Regulate acid use to stop attacks

Author: Mr Michael Aboneka. PHOTO/COURTESY 

What you need to know:

  • Acid is easily accessible as the vendors are not regulated, nor licensed and further, not monitored.

Acid violence or acid attacks continues to rise in Uganda and unfortunately, not much attention has been focused on the vice. There are more than 400 known/reported cases of acid attacks in the last 10 years whose effect has been severe leaving lifelong scarring, physical disfigurement, and in some cases, permanent disability including blindness and immobility and death. 

Many survivors spend years in the hospital after their attack, undergoing extensive and expensive treatment and surgeries. About 84 percent of the incidents are related to conflicts in romantic relationships, 10 percent to business conflicts, three percent to property conflicts and three percent are related to other reasons.

Seventy percent of the victims are women while 30 percent are men.  These attacks continue to skyrocket and if we do not take deliberate measures, many lives will be claimed by this iniquitous act. 
Government has the responsibility to protect its citizens and, therefore, it must be seen as interested in not only discussions but taking active steps together with various stakeholders to ensure that this vice is curbed.

There are several contributing factors to the rising numbers of acid attacks which we need to objectively evaluate and devise means of mitigating the same

The acid is readily available and cheap. Several reports have indicated that one can acquire a litre of the acid at only Shs3,000 at various spots and shops which are rarely licensed and monitored, it is an open market! 
Several victims have narrated their ordeal and what is common in all their stories is that they could not easily and quickly discern that their tormentors had on them acid as most perpetrators use disguised containers to ferry the deadly chemical. The unregulated large supply of acid especially from car batteries has escalated this vice.  

Be it as it may, we have weak laws to regulate the availability and purchase of acid on the market. Acid is easily accessible as the vendors are not regulated, nor licensed and further, not monitored. It becomes difficult to trace the source of the acid bought because of lack of adequate regulations on the sale of the same. Just as it is with petrol, there were regulations banning the purchase of petrol in jerrycans given its flammability but most importantly, to try to curb acts of arson. This has not been implemented well because of the reluctance of the authorities and thus has had an indirect impact on the trading of the acid in all manners of containers. 

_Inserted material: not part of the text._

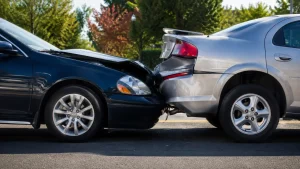 Rear-end accident in Houston, Texas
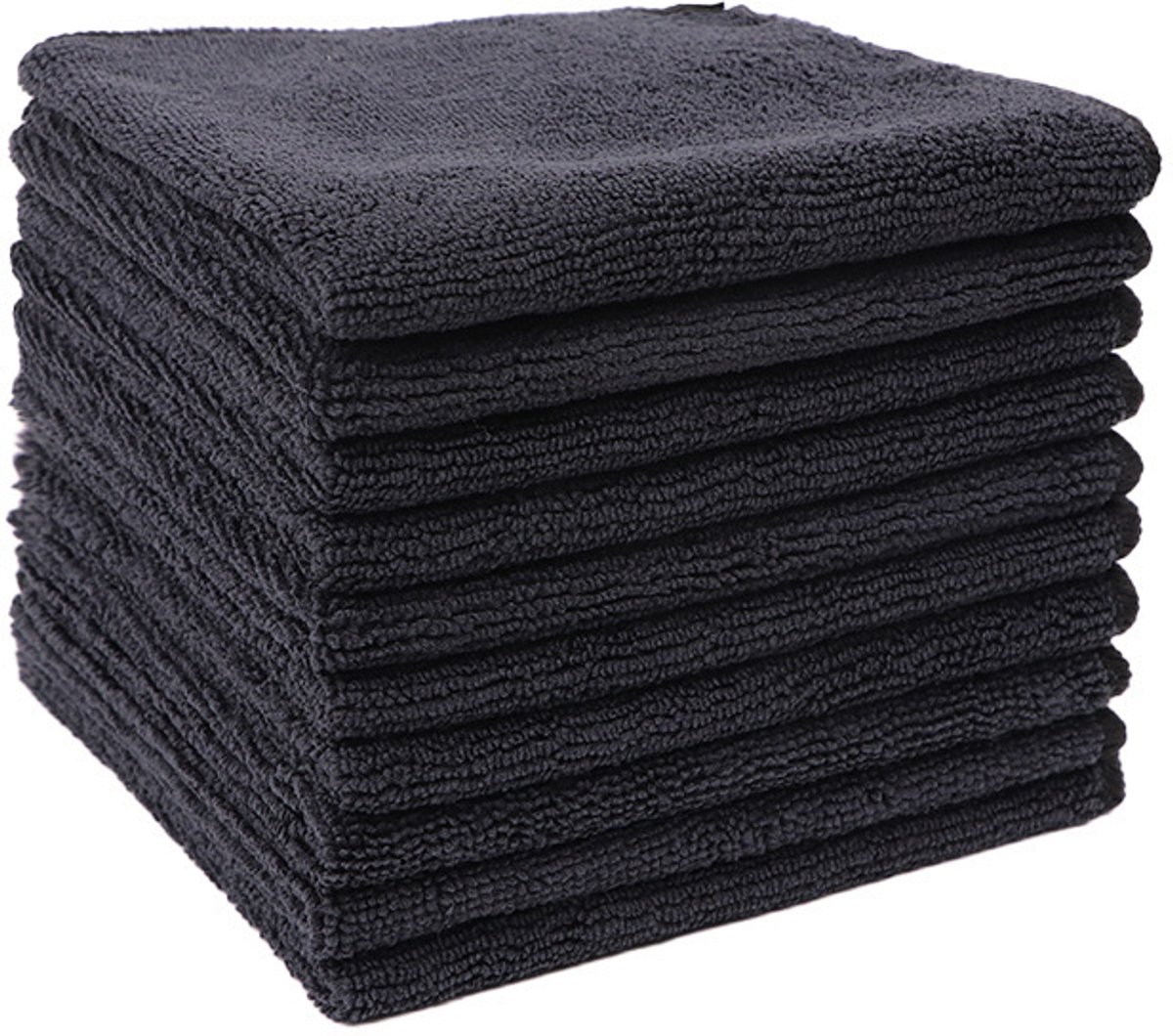 Multifunctionele microvezeldoeken - Gemaakt van microvezel - 30 x 30 cm - 7-pack - zwart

Much as the government passed the Toxic Chemicals and Prohibition Act in 2016, the vice still lingers. The Act’s main purpose was to domesticate the Convention on the Prohibition of the Development, Production, Stockpiling and Use of Chemical Weapons and On Their Destruction and less of tackling issues of monitoring and regulating the most common acid-sulfuric acid. 

The Act does not even list sulfuric acid, which is commonly available and used as a “toxic chemical” thus making the fight against acid attacks almost in limbo. The Act further created the National Chemicals Regulatory Authority mandated to establish a register of producers, importers, exporters, brokers and traders of scheduled and other toxic chemicals and also regulate the production, importation, and transfer of toxic chemicals. I have not seen nor heard about this authority. 

I am not sure it is existent and performing its functions. It is, therefore, difficult with the current legal framework to pin down the trade of acid that is too casual and yet has grave effects. Much as the perpetrators have been charged under the Penal Code Act for offences such as grievous bodily harm, manslaughter and murder, the scope is only limited to the final offender. There is a need to make the laws robust so that the entire chain from the supply to the final user/offender is arrested. Arresting the source of the acid will go a long way in curbing the vice. 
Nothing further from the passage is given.